Where Ms. Farley predicts a stock plunge from a rate hike, William Helman, director of investment policy at Smith Barney, expects little impact - barring an unexpectedly steep increase.

"The market could breathe a sigh of relief and say it isn't going to happen again for a while," he guesses.

"A great deal depends on the way the Fed pitches it to the market," says James Grant, editor of Interest Rate Observer.

If, "with a wink and a nudge," the Fed hints somehow that this hike is the last one, the market may take it favorably, he explains.

"There are enough people out there expecting the Fed to tighten that I don't expect a rude surprise in the market," says Michael Flament of Wright Investors Service in Bridgeport, Conn.

The Fed's goal is to keep the economy at a noninflationary pace. But chairman Alan Greenspan also appears worried that stocks may get so overpriced that a speculative "bubble" develops in US markets.

That happened in Japan in the late 1980s. Then the bubble burst, and the country is still recovering from the deep recession that followed.

Last December, Mr.

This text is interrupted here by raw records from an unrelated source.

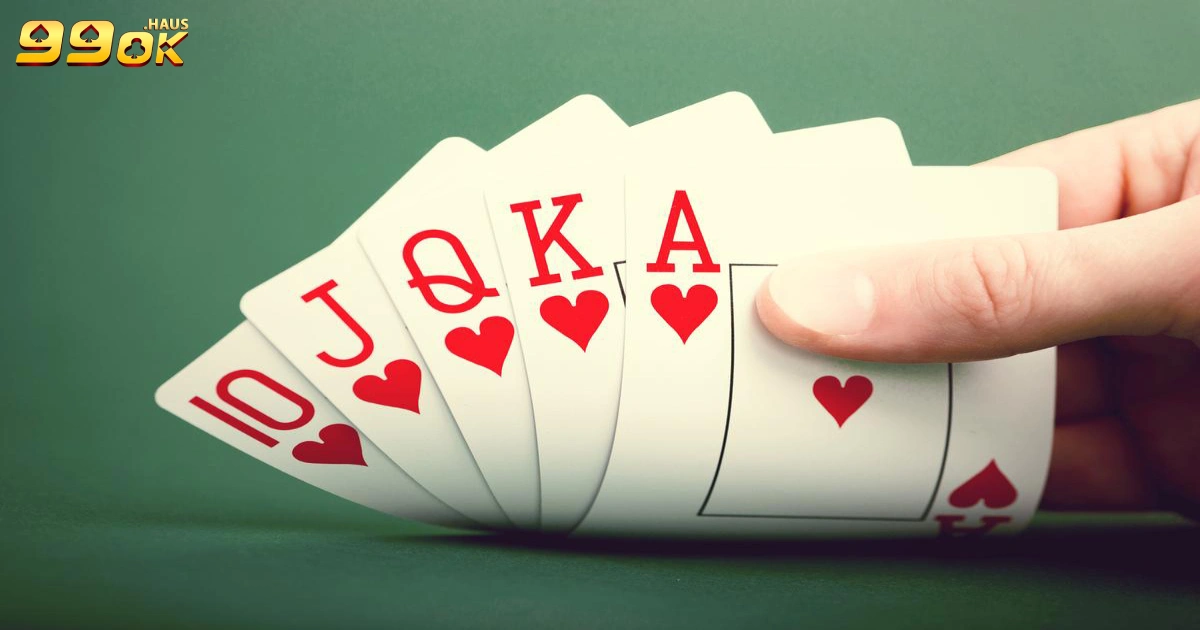 Luật Bài Poker - Hướng Dẫn Chi Tiết Cho Người Mới Tại 99OK 4 Pre-Flop - Giai đoạn đầu của ván chơi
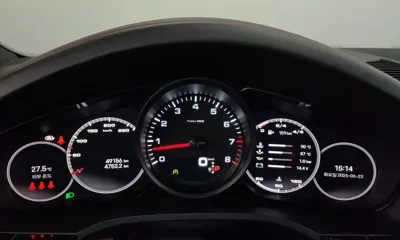Porsche Cayenne 2023, 49156 км, за 59907.51 USD - фото 8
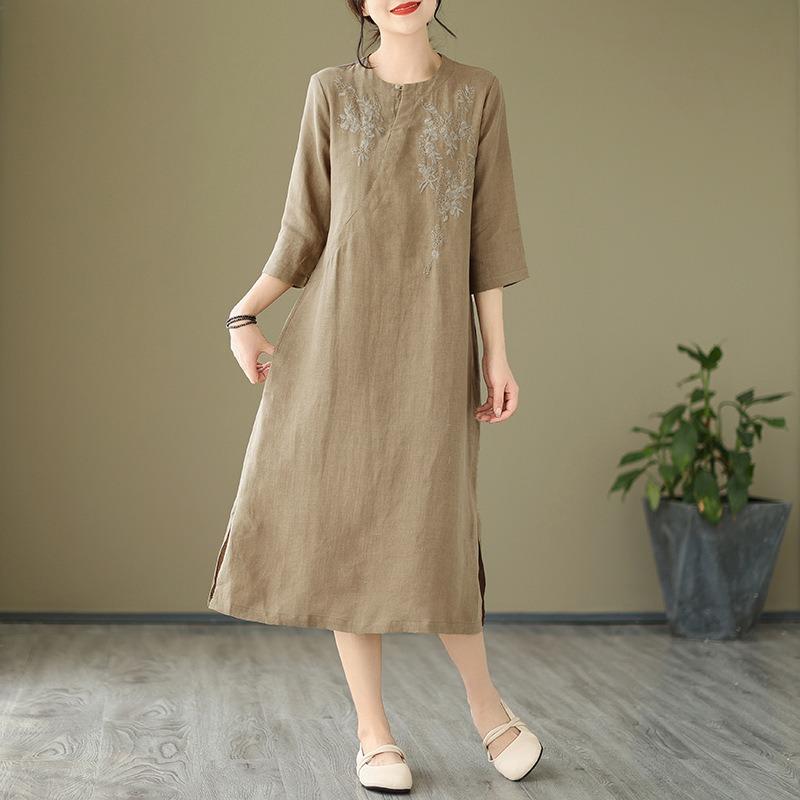 Real shot summer new cotton and linen literary and retro heavy industry embroidery large size round neck short sleeve dress women 2XL хакі
Real shot summer new cotton and linen literary and retro heavy industry embroidery large size round neck short sleeve dress women 2XL хакі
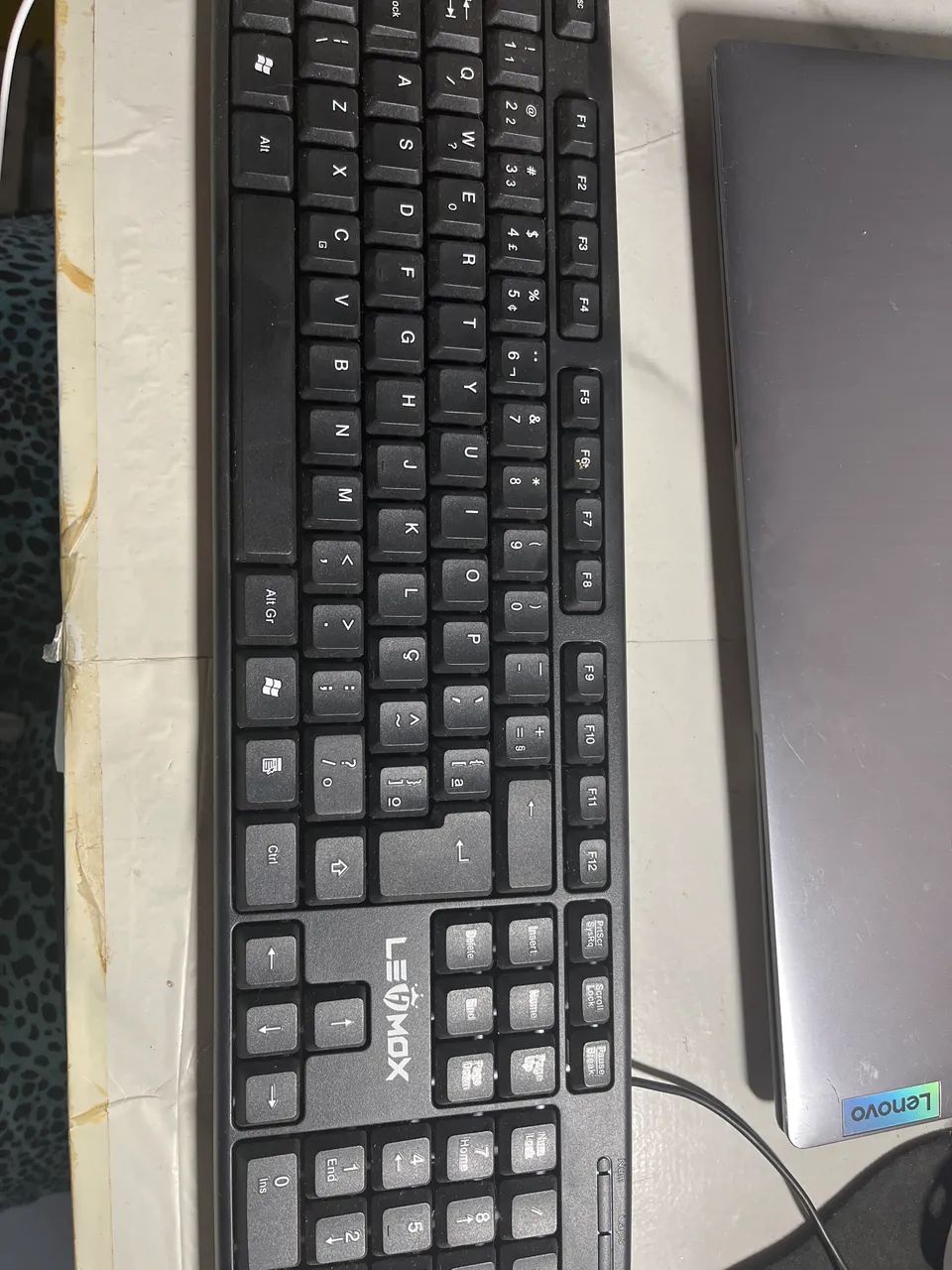 Teclado para Pc Novo entrada USB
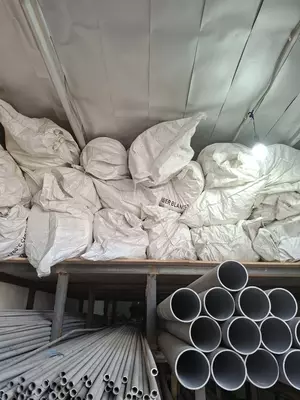   89x4 o‘lchamli zanglamaydigan mat quvur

Greenspan questioned whether American investors were displaying "irrational exuberance."

An even blunter warning followed earlier this year.

That prompted tough questioning when Greenspan appeared before the House Budget Committee in March.

"Why have you, on two occasions, taken to jawboning the US stock market and the US bond market with your comments to affect a free and open market?" asked Republican lawmaker Jim Bunning of Kentucky.

Greenspan insisted he had neither the intention nor the power to affect stock market prices.

H. Erich Heinemann, of Heinemann Economic Research, New York, maintains that when the Fed pumped money into the economy from 1991 to 1993 to pull it out of recession, most of the money went into stocks, not tradable goods and services.

It's hard to predict whether new money will go into the real economy, inflation, or financial markets, he says.

Some economists see a slowdown for business activity in the months ahead: less construction spending, a decrease for inventories, and some reductions in government spending.